6 essential characteristics
- Accepts full responsibility – Peak performers accept responsibility equally for successes and failures. It is crucial that managers set the correct tone for failures, as this is will dramatically influence how the company deals with failure as a community. Failure is acceptable – negligence is not. A manager cannot be overly accepting of repeated failure, as this will create a lack of respect within the company. However, failure and innocent mistakes must be treated as learning experiences, as a manager that is overly harsh toward failure will likely provoke finger-pointing and resentment.
- Feels confident about abilities – Employees invariably want to feel good at their jobs, and those that do almost always perform at a higher level than those that feel unqualified. A manager’s job is to encourage employees, making use of the correct balance of praise and constructive criticism. A manager that is able to strike this balance will find that his or her employees feel confident and comfortable, engendering innovation and a dedication to performing at the highest possible level. By contrast, a manager that employs too much criticism will quickly find that employees shut down, while a manager that freely hands out empty praise may find that he or she has to contend with swollen egos.
- Stays motivated – There is little hope of accomplishing peak performance long-term without motivation. There are two types of motivation at play – personal motivation and professional motivation. Personal motivation moves employees to perform well because of the learning and experience that they can receive with a company, which may lead to career development either within or outside of the company.
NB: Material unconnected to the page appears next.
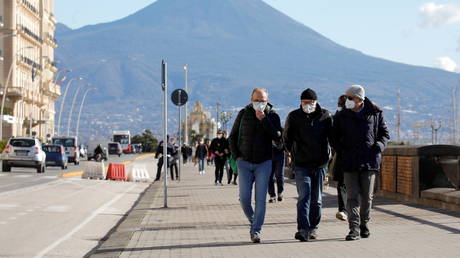 People wearing face masks walk the street, amid the outbreak of the coronavirus disease (COVID-19), in Naples, Italy, January 26, 2021.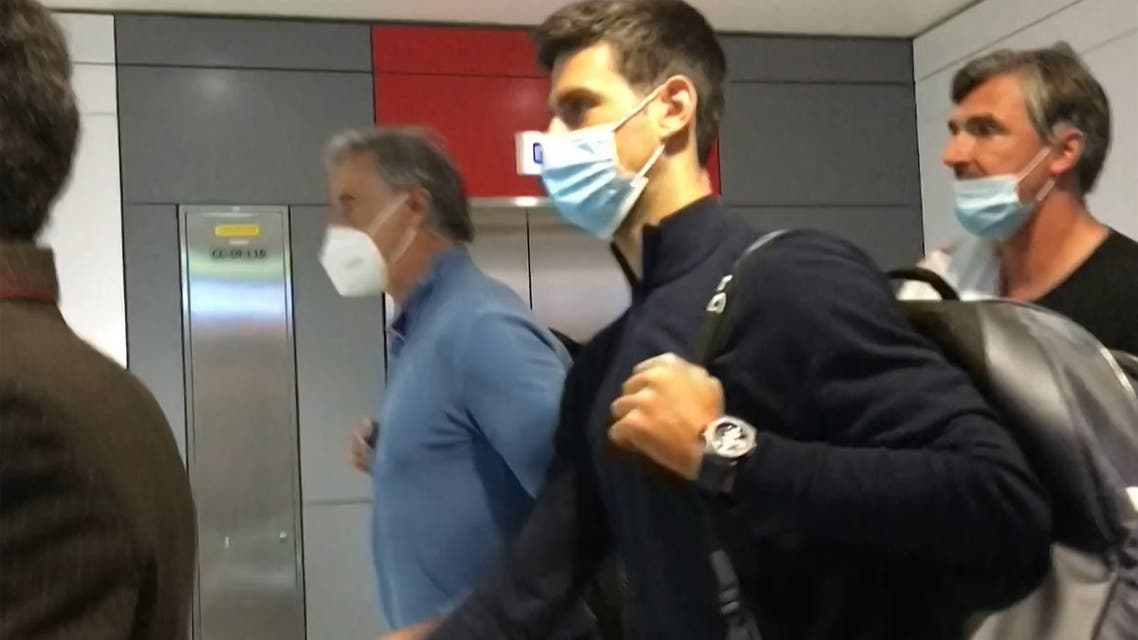This screen grab from AFPTV shows Serbia's Novak Djokovic (C) as he disembarks from his plane at the airport in Dubai on January 17, 2022, after losing a legal battle on January 16 in Australia to stay and play in the Australian Open tennis tournament over his coronavirus vaccination status. (Photo by AFPTV / AFP)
Professional motivation is goal oriented, and stems from a clear company vision and path. An effective manager will be able to utilize both types of motivation in order to get the most out of his or her employees.
- Practices essential skills – The more frequently your employees are working on their core skills, the better they will be able to perform them. This means that effective managers should concentrate on business process improvement as much as possible, in order to free up their employees’ time for more critical work activity. Any mundane task that high-level employees are forced to repeatedly perform is waste, not only for the company’s bottom line, but for that employee’s skill set. In some cases, process standardization can help to alleviate the time commitment that essential, mundane tasks represent. In other cases, the correct solution may be selective use of outsourcing operations to free up employees to focus on their core skills.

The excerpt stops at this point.